Mormon History

Typical Mormon Thief - 1845

Alton Telegraph & Democratic Review – June 21, 1845

More Mormon Outrages.

One day last week, the iron on a portion of the railroad between Jacksonville and Meredasia was stripped from the rails and stolen. The Governor immediately issued handbills, offering a reward of two hundred and fifty dollars for the detection and conviction of the perpetrators. Mr. Hunt, the jailor at Jacksonville, had, however, previously started in pursuit of the thief. He succeeded in finding him beyond Carthage, in Hancock county, with his wagon standing before his door loaded with a portion of the iron that had been stripped from the railroad.
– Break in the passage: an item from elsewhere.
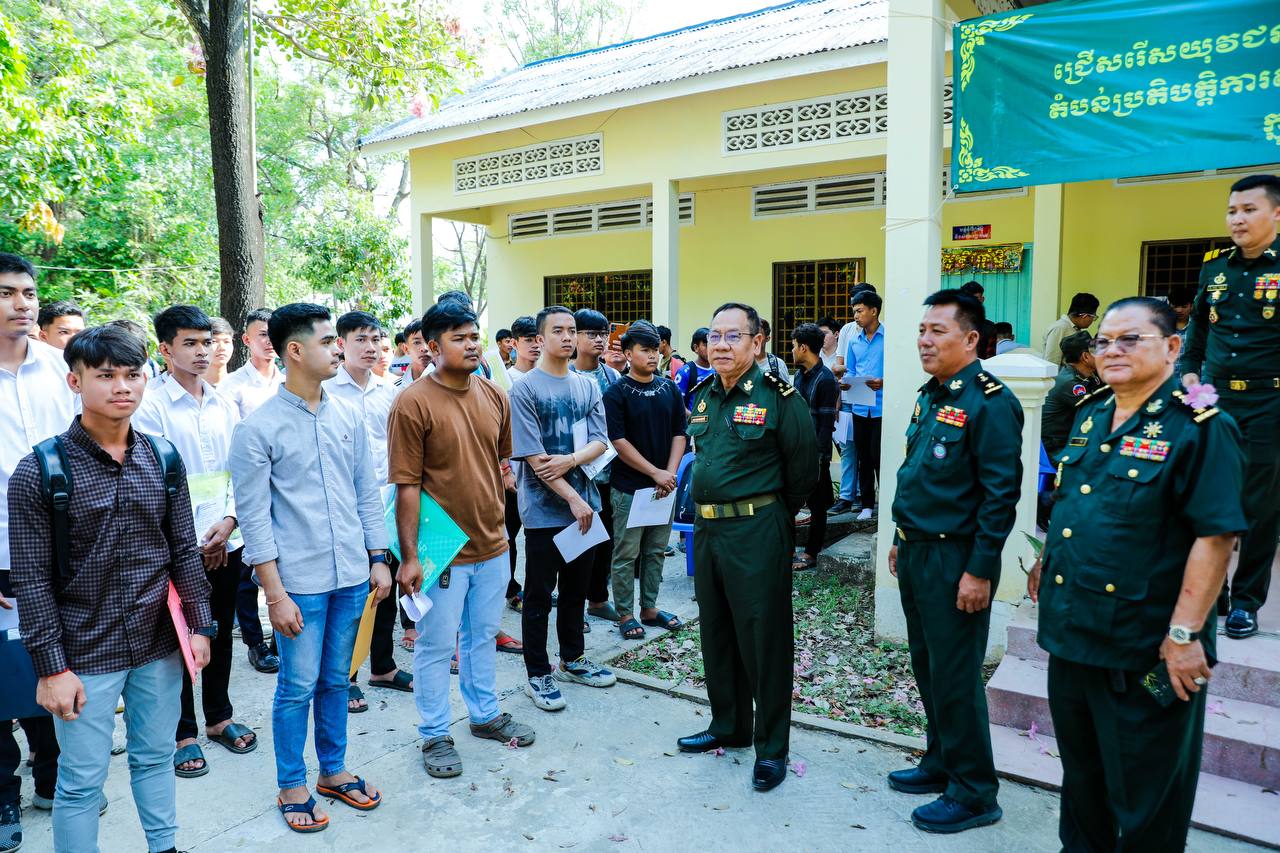ឯកឧត្តម ពូ សាប៊ុតឌី អញ្ជើញពិនិត្យការងារចុះឈ្មោះ និងចែក​ពាក្យ​ជ្រើសរើសយុវជនស្ម័គ្រចិត្តចូលបម្រើកង​យោធ​ពល​ខេម​រភូ​មិន្ទ​ បំពេញក្របខ័ណ្ឌឱ្យយោធភូមិភាគពិសេស​កងទ័ព​ជើង​គោក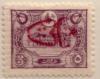 Colnect-6354-167-overprint-on-Internal-post-stamps-1913.jpg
The person implicated is Charles Chrisman, a Mormon Elder, and formerly a resident of Morgan county. He had taken altogether three loads, weighing in the aggregate about 4,500 pounds. Chrisman sold it to a blacksmith in his neighborhood, at four cents per pound. He was brought back to Morgan county, where the theft was committed, and safely lodged in jail for trial, which it was expected would take place sometime this week. Chrisman is of a respectable family, and is said to be a man of property. He deserves to be punished to the very extent of the law.



The Mormons have forwarded a petition, which was presented to the Legislature of Connecticuit, on the 31st ultimo, asking for an Asylum in Connecticut, or for aid in obtaining one elsewhere. We certainly do not desire that any other state should be scouraged by the location of this wickedly depraved set among them, but we at the same time most fervently hope that they may take up their line of march from Illinois as speedily as possible. A greater clan of imposition and rascality never were herded together before in any part of the civilized world.